ENSP 351 - Capitalism, Poverty and Environmental Justice


Credits: (4)
College Curriculum: COLL 350
Karl Marx observes that, “… in the end, Capitalism will destroy both Labor and Nature.” Affirmed by our experience, we may still wonder if it is true - that our presumptive means of economic life, the source of our wealth and values, our prosperity, and the one historic economic system that has raised standards of living globally, is in the end the engine that is eroding our freedom, impoverishing millions and destroying our planet, threatening our very existence.  We are inclined to view the triad of capitalism, poverty and nature as “natural law” or “facts of nature” that we cannot transcend.  We fail to recognize that together they constitute a world imbricated by and subject to human action where we  hold the power of change.  First comes understanding.

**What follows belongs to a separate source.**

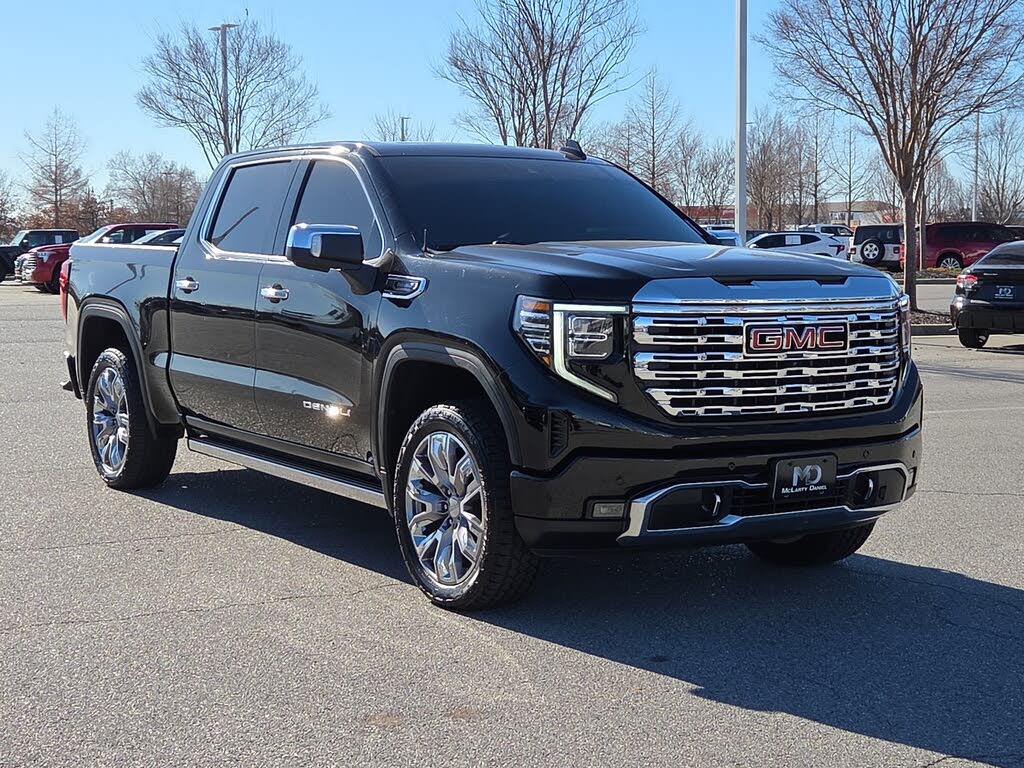 2022 GMC Sierra 1500 Denali Crew Cab 4WD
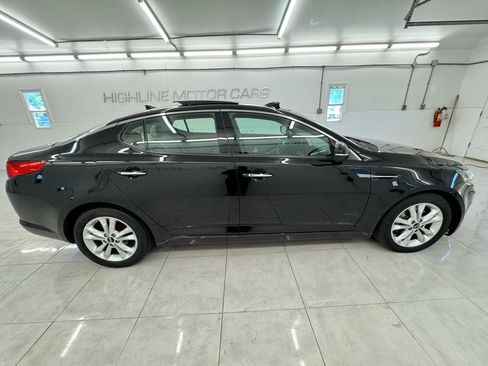 Used 2011 Kia Optima EX w/ Premium Pkg FWD image 4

In this course we examine the systemic interrelationships of Capitalism, Poverty and Environment that produce emergent properties (templates) predicating the negative outcomes we observe as the selective degradation of peoples.  From this foundation we can address questions of policy and law that amplify first order conditions and lead to systemic environmental injustice in the areas of education, health care, housing, and exposure to catastrophic environmental events.

Student case studies will explore these areas.